Feb. 14—In a long and very direct address today on the American Committee for U.S.-Russian Accord’s “ACURA Viewpoint,” the last U.S. Ambassador to the Soviet Union Jack Matlock (1987-92) presents the entire history, which led from the end of the Cold War to the present obvious threat of superpower hot war. Matlock begins by saying he “cannot dismiss the suspicion that we are witnessing an elaborate charade” by Biden to “prevent” a non-existent Russian invasion of Ukraine. And later he notes that Biden campaigned for President in 2008 on the line, “I will stand up to Vladimir Putin,” a particularly absurd posture at that time, but most of his piece is tracing the mistakes of U.S. and NATO policy which turned Russia from virtual NATO ally to adversary in what could become an all-out nuclear war.
First, ignorance around nuclear weapons. Matlock admits that as a Moscow embassy staffer in 1962, he translated Khrushchev’s messages to JFK in the Cuban Missiles Crisis, and he and his colleagues were unaware of the actual nature of the settlement of that crisis, and would have cheered for American bombing of Russian sites in Cuba—which would have been fatal to several major cities including Washington, D.C.: “It is quite dangerous to get involved in military confrontations with countries with nuclear weapons.”

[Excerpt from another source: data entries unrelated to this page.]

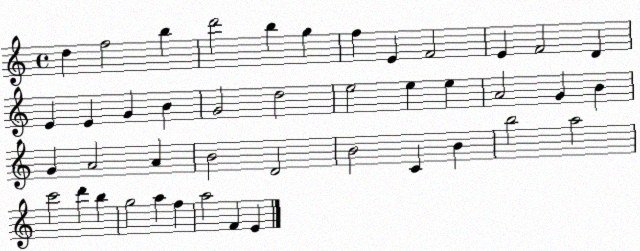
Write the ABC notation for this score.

X:1
T:Untitled
M:4/4
L:1/4
K:C
d f2 b d'2 b g f E F2 E F2 D E E G B G2 d2 e2 e e A2 G B G A2 A B2 D2 B2 C B b2 a2 c'2 d' b g2 a f a2 F E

But for the most part, the hubris of “we won the Cold War,” against which both Pope John Paul II and Lyndon LaRouche warned. Matlock quotes his own testimony to the Senate Foreign Relations Committee in 1997 when the Clinton Administration proposed the expansion of NATO: “I consider the Administration’s recommendation to take new members into NATO at this time misguided. If it should be approved by the United States Senate, it may well go down in history as the most profound strategic blunder made since the end of the Cold War. Far from improving the security of the United States, its Allies, and the nations that wish to enter the Alliance, it could well encourage a chain of events that could produce the most serious security threat to this nation since the Soviet Union collapsed.”
Matlock proposes a "common sense" approach: "What President Putin is demanding, an end to NATO expansion and creation of a security structure in Europe that insures Russia’s security along with that of others is eminently reasonable. He is not demanding the exit of any NATO member and he is threatening none. By any pragmatic, common sense standard it is in the interest of the United States to promote peace, not conflict. To try to detach Ukraine from Russian influence—the avowed aim of those who agitated for the “color revolutions”—was a fool’s errand, and a dangerous one. Have we so soon forgotten the lesson of the Cuban Missile Crisis?
Now, to say that approving Putin’s demands is in the objective interest of the United States does not mean that it will be easy to do. The leaders of both the Democratic and Republican parties have developed such a Russophobic stance (a story requiring a separate study) that it will take great political skill to navigate the treacherous political waters and achieve a rational outcome.
President Biden has made it clear that the United States will not intervene with its own troops if Russia invades Ukraine. So why move them into Eastern Europe? Just to show hawks in Congress that he is standing firm? For what? Nobody is threatening Poland or Bulgaria except waves of refugees fleeing Syria, Afghanistan and the desiccated areas of the African savannah. So what is the 82nd Airborne supposed to do?"